Open Bug 956267 Opened 10 years ago Updated 2 years ago

localhost DNS lookup always fails if $HOME empty

Categories

(Core :: Networking, defect, P3)

28 Branch
x86
Linux
defect

Tracking

()

People

(Reporter: jidanni, Unassigned)

Details

(Whiteboard: [necko-backlog])

Attachments

(2 files)

User Agent: Mozilla/5.0 (X11; Linux i686; rv:28.0) Gecko/20100101 Firefox/28.0 Iceweasel/28.0a2 (Beta/Release)
Build ID: 20131215004001

Steps to reproduce:

Do the following test.
Disconnect your computer from the network and in /etc/hosts.conf put
127.0.0.1 abj.jidanni.org
127.0.0.1 radioscanningtw.jidanni.org
127.0.0.1 transgender-taiwan.org
127.0.0.1 mysql.transgender-taiwan.org
and have apache serve them. And restart e.g., dnsmasq, firefox, etc.

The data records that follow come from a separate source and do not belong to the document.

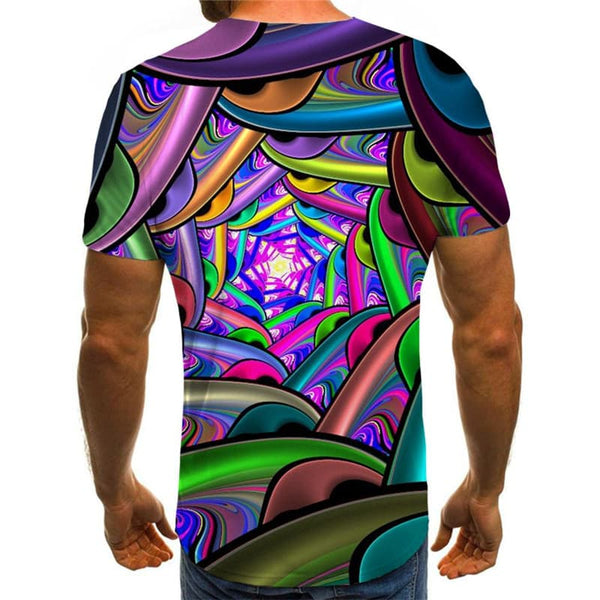 
Dizziness T shirt Men Abstract T-shirts 3d Gradient Shirt Print Colorful Tshirt Printed
                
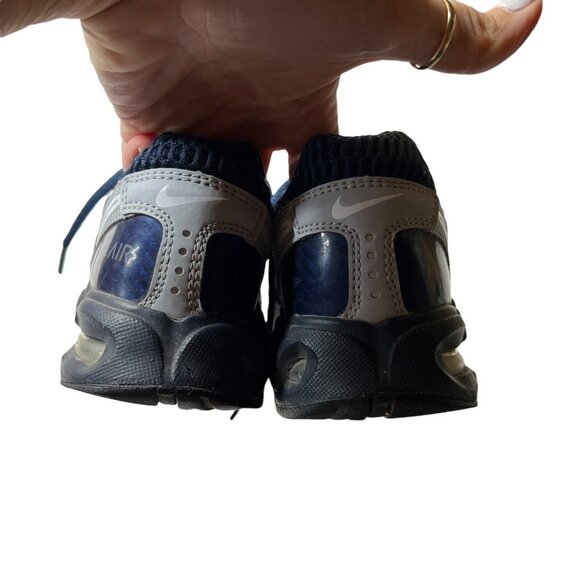 Nike Air Max shoes men's 7.5 Torch 4 Obsidian Blue Wolf Gray Running 343846-41 - Picture 4 of 7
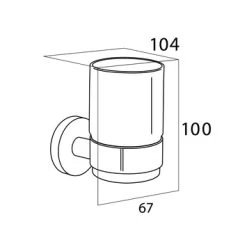 Tiger Bekerhouder Boston Met Beker RVS -Badkamer Winkel 123 823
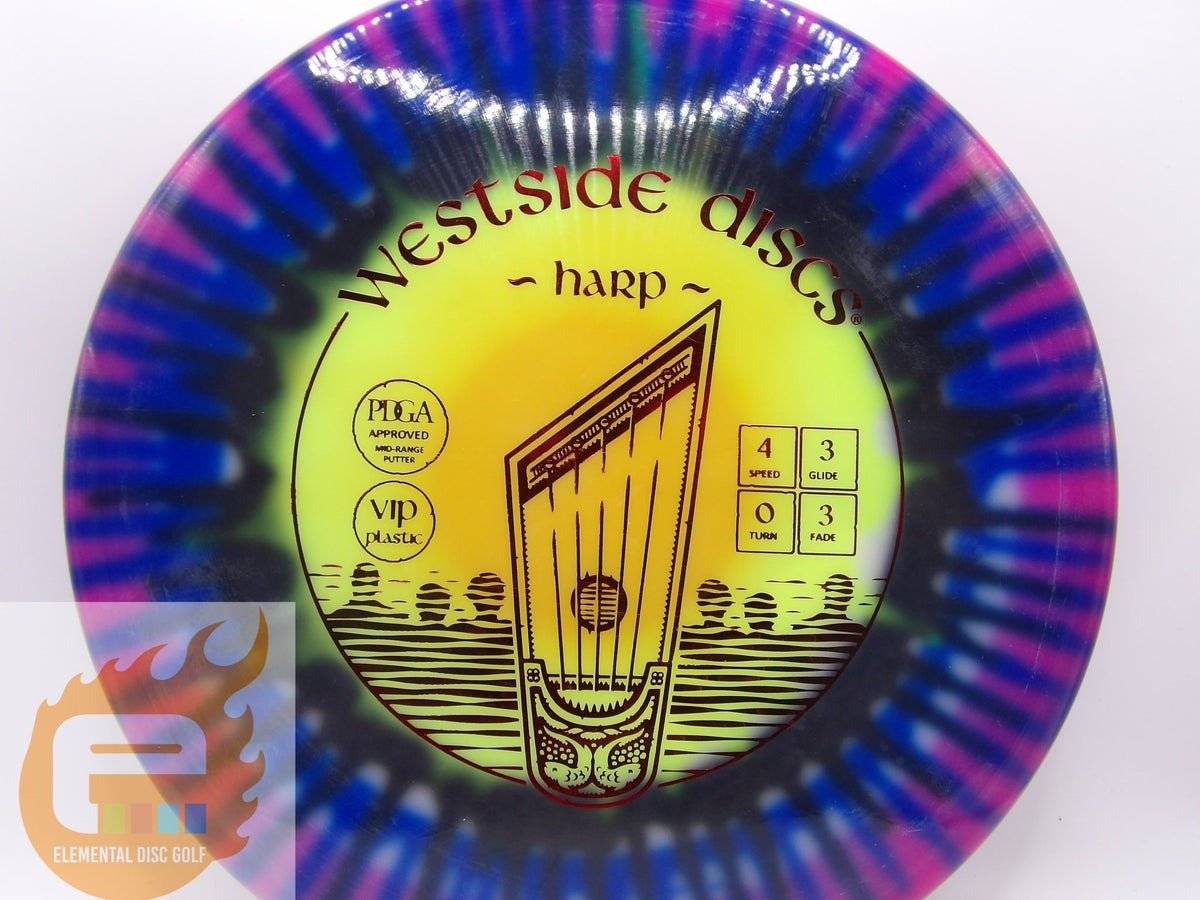 Westside Vip MyDye Harp (4/3/0/3) - Elemental Disc Golf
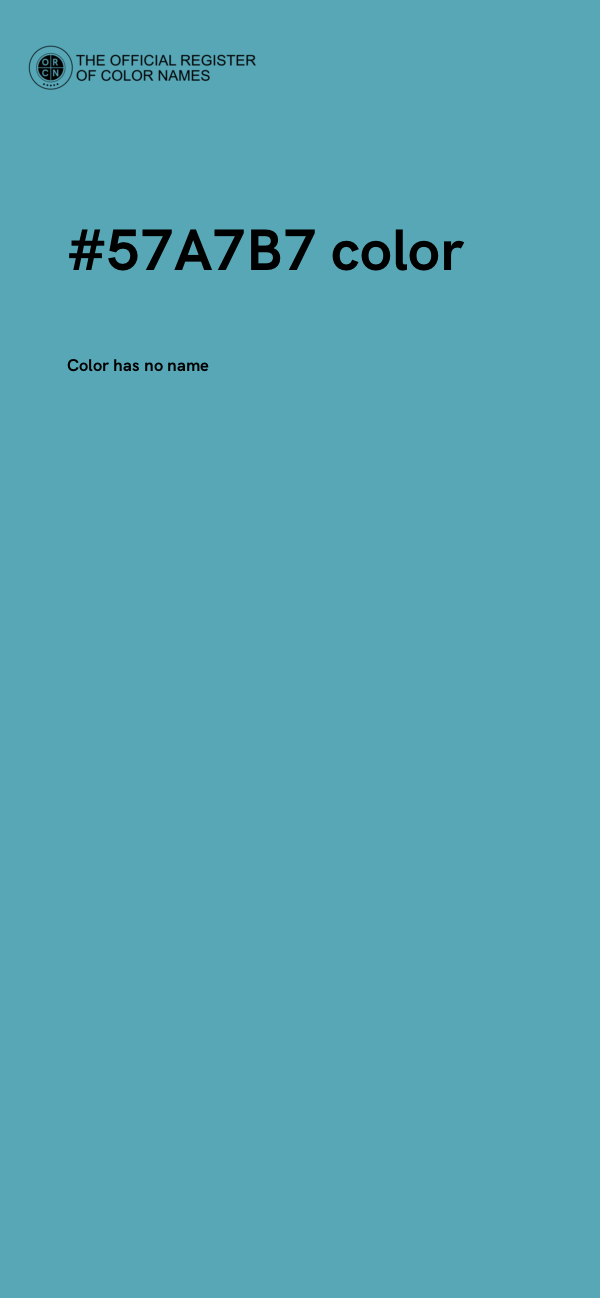 #57A7B7 color image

Well chromium and w3m work fine.

But for firefox, transgender-taiwan.org doesn't work!
That's right, all the other virtual sites we created work except that one.

Why? Because firefox finds that there is only two components,
and insists on adding WWW. in front before trying it AT ALL!

(You need to be offline to see this happening.)

Setting browser.fixup.alternate.prefix to "" fixes it.

This is terrible --- not one little beep over HTTP is ever attempted.

Please check for the version of the URL the user has asked for
before stuffing the WWW. on in BOTH online *AND FOR LOCALHOST* situations.
On localhost,
$ firefox http://X.Y/ from the command line is also turned into http://WWW.X.Y/ before EVEN TESTING FOR X.Y !
Q.X.Y and Q.R.X.Y etc. are immune, because they have 3+ components.
Severity: normal → major
Component: Untriaged → Location Bar
Priority: -- → P2
Not sure where this belongs, Document Navigation or Networking?
Component: Location Bar → Document Navigation
Product: Firefox → Core
Document Navigation is correct, since the relevant code is nsDefaultURIFixup::MakeAlternateURI, called by nsDefaultURIFixup::CreateFixupURI, which probably comes from this snippet in nsDocShell::EndPageLoad:

>7013     // If the page load failed, then deal with the error condition...
>7014     // Errors are handled as follows:
>7015     //   1. Check to see if it's a file not found error or bad content
>7016     //      encoding error.
>7017     //   2. Send the URI to a keyword server (if enabled)
>7018     //   3. If the error was DNS failure, then add www and .com to the URI
>7019     //      (if appropriate).
>7020     //   4. Throw an error dialog box...
The callsite pointed to in comment 4 passes either 0 or FIXUP_FLAG_ALLOW_KEYWORD_LOOKUP to CreateFixupURI.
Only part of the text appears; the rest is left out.